_REQUIRED ACTION_: After locating the line that holds "Health in science textbooks", copy that line and all that follow it word for word through the end of the data, with no pictures.

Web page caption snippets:
__________________________________________________

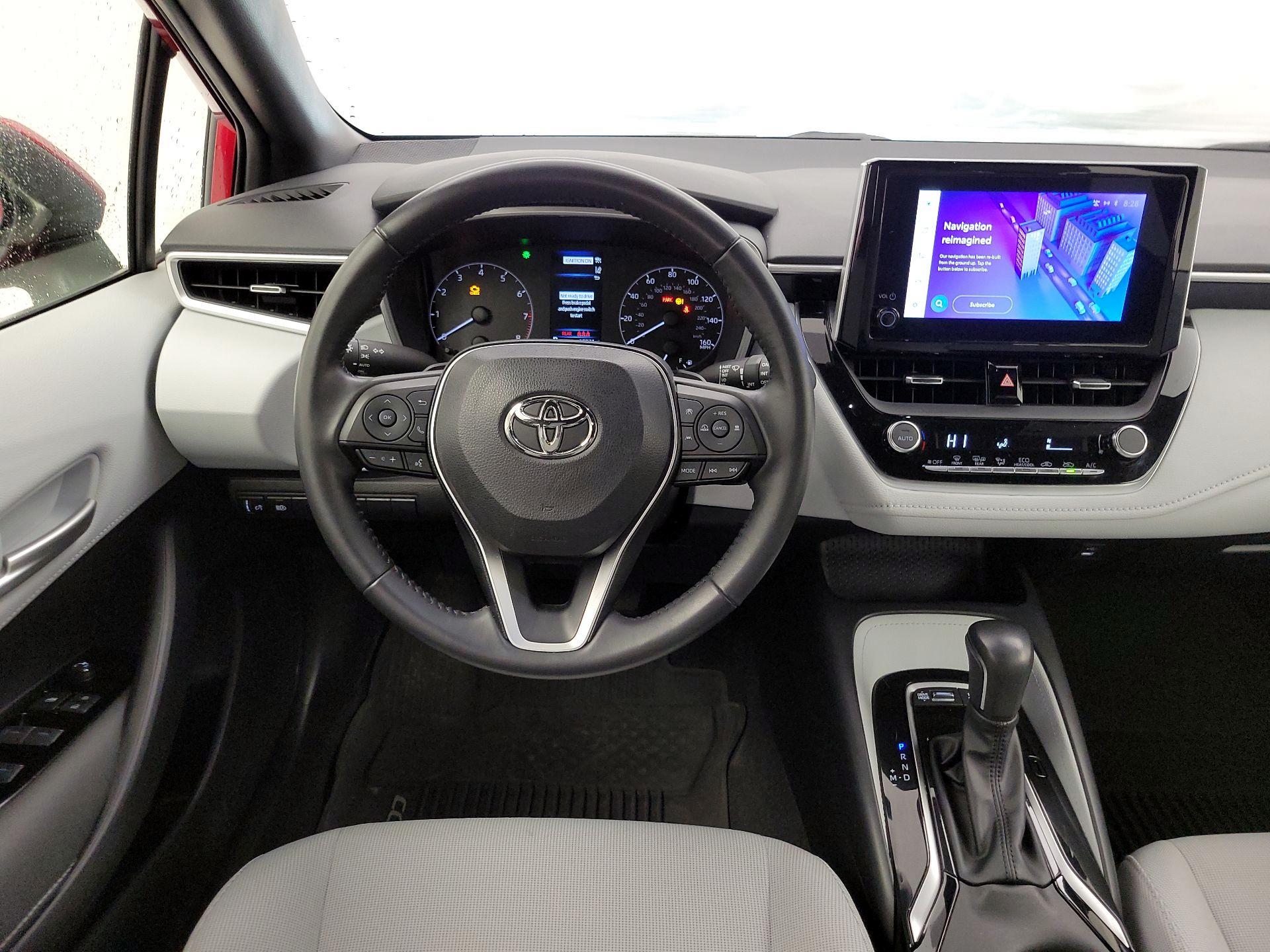 Thumbnail: 2023 Toyota Corolla - 10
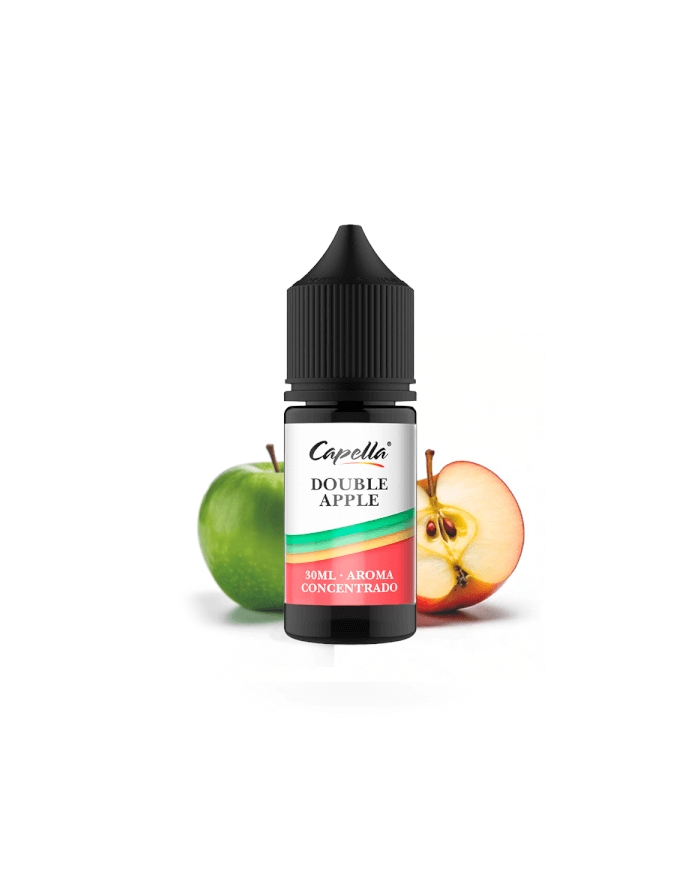 Aroma DOUBLE APPLE Capella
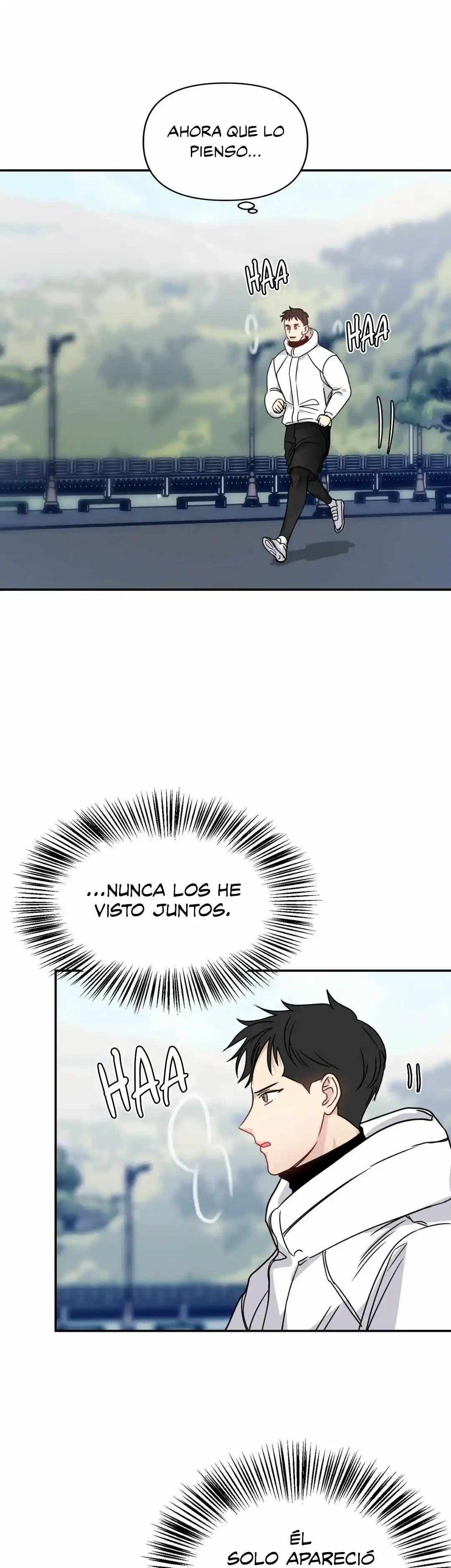 One Nigh Only - Capítulo 22 - Página 23 - LectorTMOo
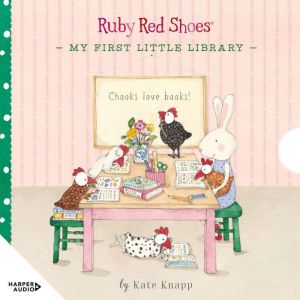Ruby Red Shoes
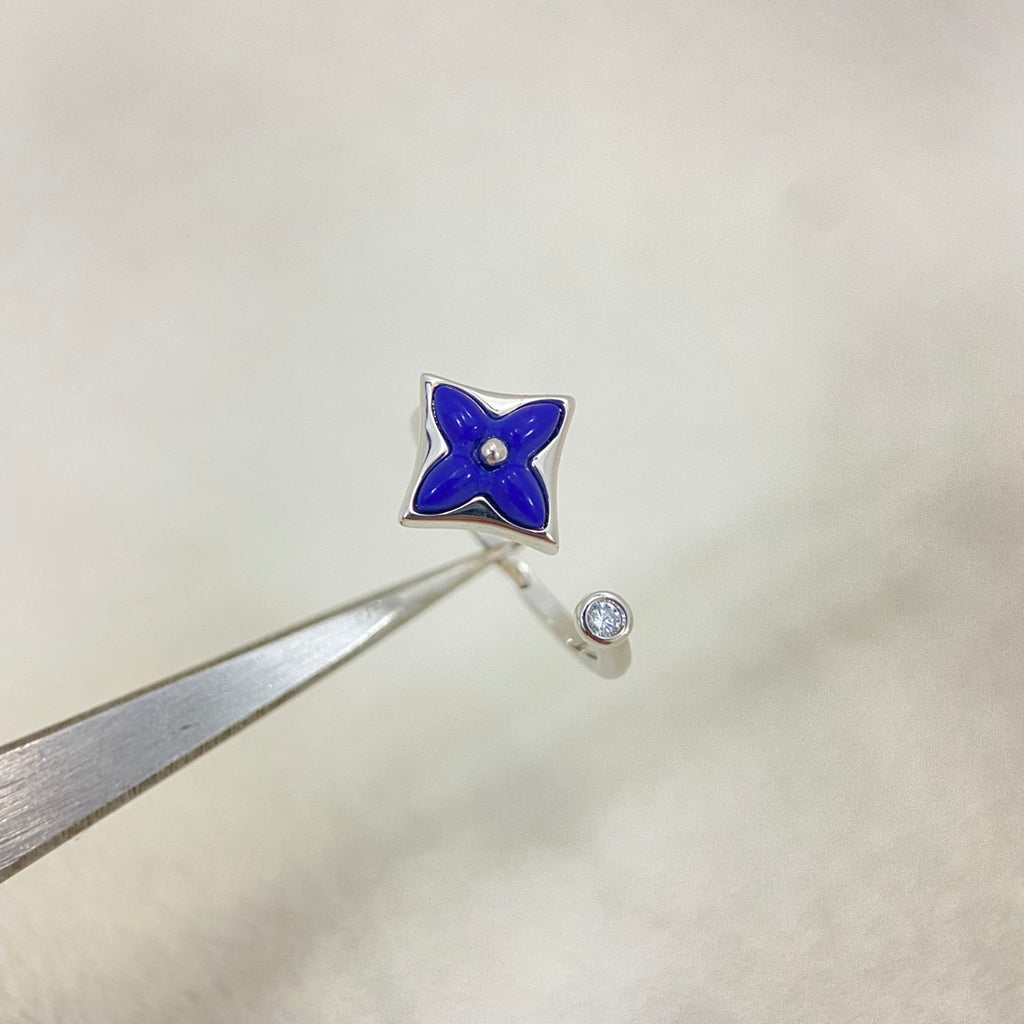 X5N76E7X Popular Necklaces,Rings(mini  flower)
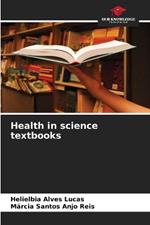 Health in science textbooks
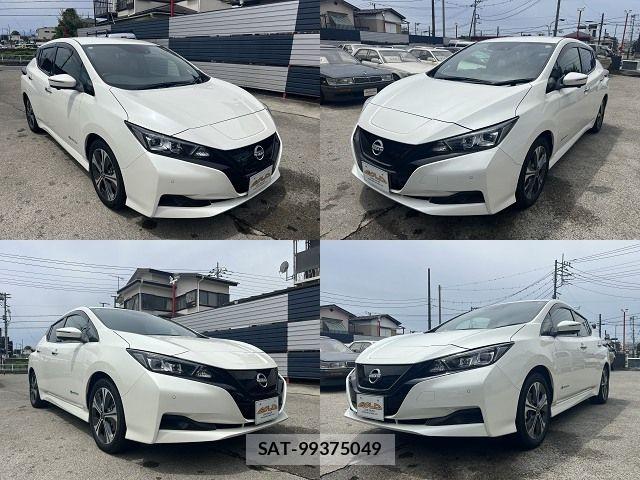 Nissan LEAF 2021-07 7272189-2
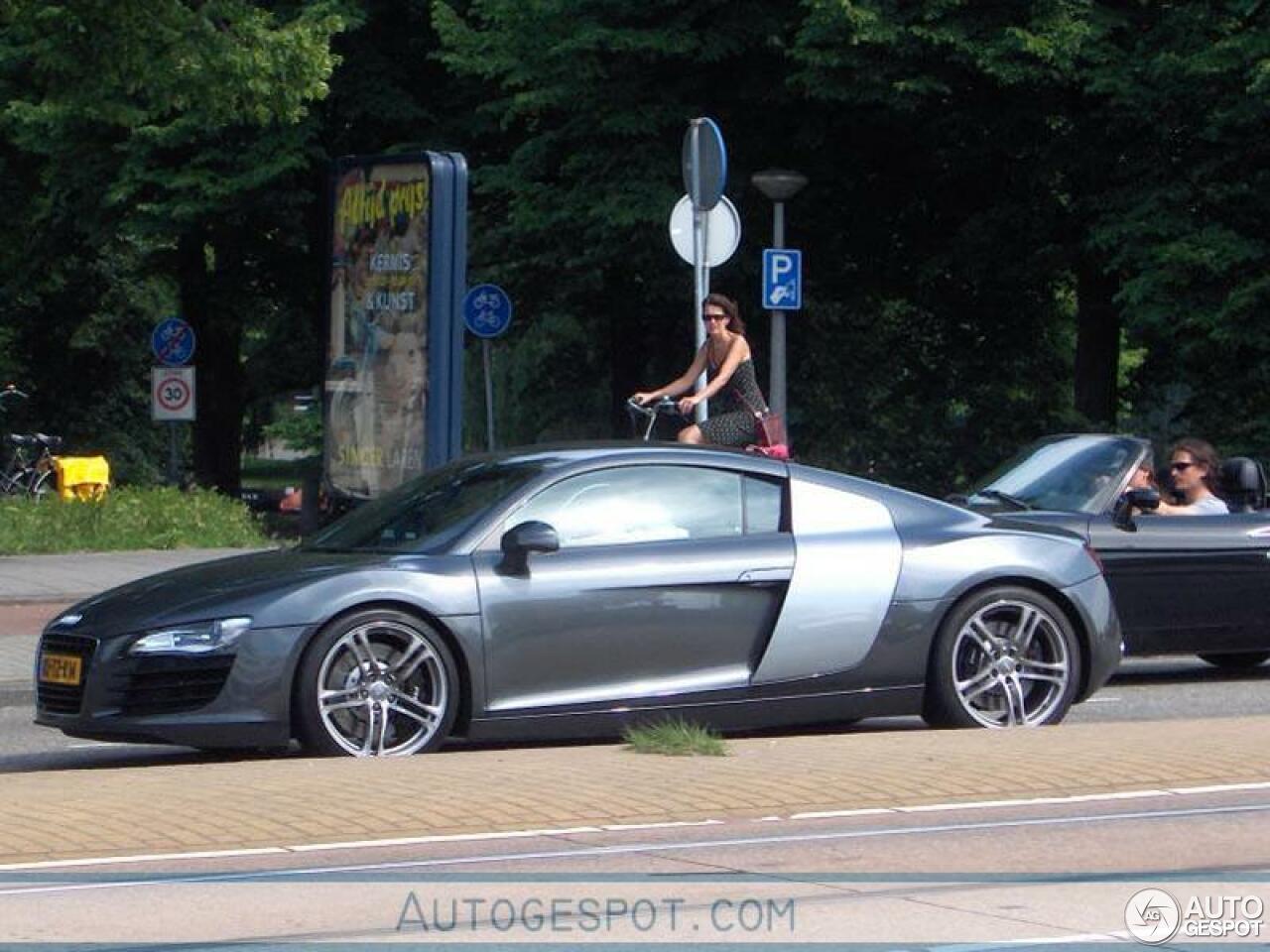 Audi R8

__________________________________________________

_ANSWER FOR THIS EXERCISE_:
 Health in science textbooks
 Nissan LEAF 2021-07 7272189-2
 Audi R8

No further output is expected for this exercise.